Paul Warburgh, president of Old Huntington Green Inc., a civic organization established in 1938, said if all goes as planned, that will complete the mission of the organization when it was established.
“It has been a mission since our inception to acquire and donate open space so we can join Heckscher Park and the Village Green together to be used as a park in perpetuity,” Warburgh said.
Heckscher Park is popular landmark in the village that includes an art museum, a pond outlined by a walking path and a refurbished playground.
The Village Green, originally an open public space, dates back centuries and is the oldest settled area in Huntington, town documents show. As early as 1663, settlers began to keep their cattle on the parcel. During the Revolutionary War, English forces used the area as a training ground and a supply depot, the documents said.

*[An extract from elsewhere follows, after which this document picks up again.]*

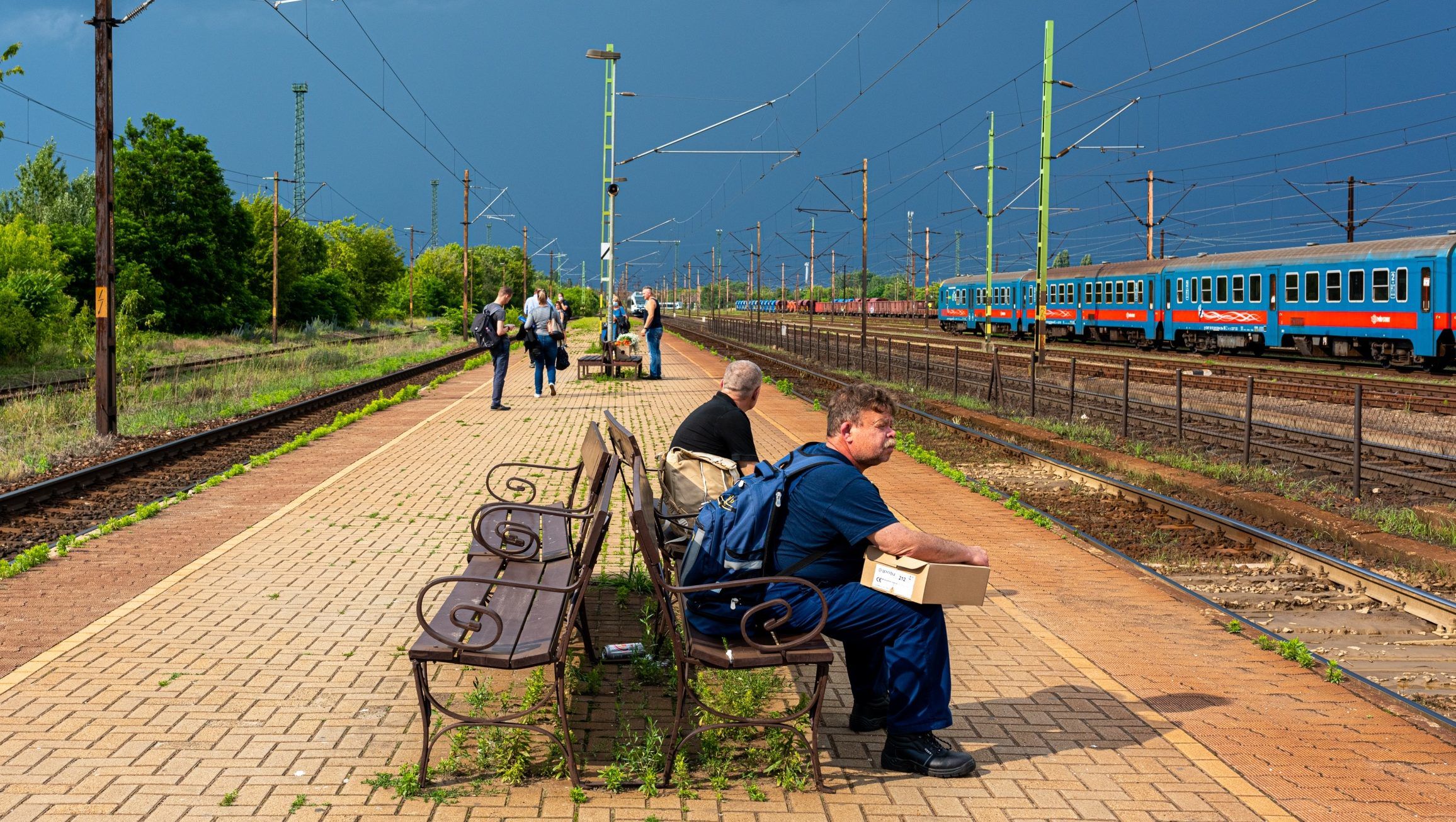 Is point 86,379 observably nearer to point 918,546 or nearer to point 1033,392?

Town Historian Robert Hughes said during the 1920s, the Village Green was in terrible shape, with many people using it as a dumping ground. A group of residents formed The Committee on the Preservation of Old Huntington, the precursor organization to Old Huntington Green Inc. The group’s first goal was to clean up the site.
Eventually the group decided it also wanted to preserve open space and historic structures, so it began purchasing properties in the area around the Green.
For example, in the 1930s and '40s, the group purchased four lots along Main Street between Sabbath Day Path and the Green, turning them over to the town in 1957, Hughes said.
Heckscher Park was relatively new, he said, when the plan was formed to create large open spaces in the heart of Huntington. The park had been established around 1917.
“So this purchase would be the last step in a plan that has been in the works for at least 70 years,” Hughes said. “There’s nothing like patience.”
The Feb. 11 public hearing will be at 6 p.m. at Town Hall, 100 Main St.